We're running into several problems with tests being skipped based on URL
failure but passing as 'ok'.  Two incidents involving XEMBL_DB.t and
Biblio_biofetch.t come to mind, and recent problems have now surfaced with
proxies (thanks Torsten!).  

As one option, I would like to propose using the following SKIP block format
(or something similar) and Test::More to run checks on remote DB's in the
various tests where remote DB access is required.  There are probably
similar ways to accomplish the same thing using Test, but I believe
Test::More makes it easier.

SKIP:{
  skip('Set BIOPERLDEBUG=1 to run tests which require remote DB access', 5)
      if !$DEBUG;
  my $db = Bio::DB::GenBank->new();
  my $seq;
  eval { $seq = $db->get_Seq_by_acc('ABC123')};
  ok(!$@, 'Bio::DB::GenBank URL test');
  skip('Bio::DB::GenBank URL failure', 4) if $@;
  ... # four more tests based on $seq 
}

Most of us do not run each set of tests individually unless we are
developing code that relies on a specific set.  Most often, when we run all
of the tests we use 'make test' and Test::Harness, which treats skipped
tests as 'ok.'  

So, in effect, we never see any URL failure, just that all tests pass.  This
practice isn't used by other CPAN modules.  WWW::Shorten, for instance, runs
tests on all URLs and fails if they are invalid.  If we did the same thing,
we would have picked up on the following almost immediately when running
full tests:

1)  The XEMBL server has been out for over six months.  
2)  The Biblio_biofetch.t tests probably never worked correctly, judging by
recent fixes (thanks Brian).  

However, we would never had known that if we relied strictly on the summary
results from running 'make test.'  Blindly skipping these doesn't inform us
when the URL is invalid, and so we never manage to address the issue when it
pops up.  Explicit and consistent test failures let us know when things go
wrong (i.e. when the URL is no longer valid).  

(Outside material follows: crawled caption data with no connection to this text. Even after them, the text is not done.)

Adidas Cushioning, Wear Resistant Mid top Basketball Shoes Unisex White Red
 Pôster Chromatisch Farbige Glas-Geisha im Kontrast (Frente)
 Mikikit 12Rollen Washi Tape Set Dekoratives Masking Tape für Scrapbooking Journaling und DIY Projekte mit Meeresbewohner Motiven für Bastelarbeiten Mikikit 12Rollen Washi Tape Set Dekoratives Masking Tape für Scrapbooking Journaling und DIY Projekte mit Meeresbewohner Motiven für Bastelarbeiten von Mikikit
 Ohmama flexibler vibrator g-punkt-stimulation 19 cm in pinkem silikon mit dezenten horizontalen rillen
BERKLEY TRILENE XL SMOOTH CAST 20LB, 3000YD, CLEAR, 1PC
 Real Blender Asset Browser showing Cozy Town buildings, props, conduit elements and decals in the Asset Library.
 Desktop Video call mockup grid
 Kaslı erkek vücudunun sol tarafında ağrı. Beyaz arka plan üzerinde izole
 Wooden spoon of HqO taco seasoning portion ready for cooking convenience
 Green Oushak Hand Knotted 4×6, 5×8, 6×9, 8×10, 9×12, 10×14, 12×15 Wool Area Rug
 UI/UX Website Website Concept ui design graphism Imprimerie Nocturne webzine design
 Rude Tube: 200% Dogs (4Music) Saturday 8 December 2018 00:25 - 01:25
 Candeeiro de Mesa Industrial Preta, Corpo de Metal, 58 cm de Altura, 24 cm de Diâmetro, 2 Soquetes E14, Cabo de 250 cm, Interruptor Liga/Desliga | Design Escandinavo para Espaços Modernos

Furthermore, the debugging output that accompanies the tests when using
BIOPERLDEBUG=1 obfuscates any potential error messages, so we tend to miss
warning flags that pop up (such as the biblio_biofetch.t warning message
about the bad URL).  Torsten has a proposal that we use a different variable
for running remote DB tests, which IMHO we should consider and which should
take care of this.

Setting these to run based on BIOPERLDEBUG=1 also passes over the remote
tests for most users, which shouldn't cause a problem with spamming the
servers.

Thoughts?  Flames?

Chris

Christopher Fields
Postdoctoral Researcher - Switzer Lab
Dept. of Biochemistry
University of Illinois Urbana-Champaign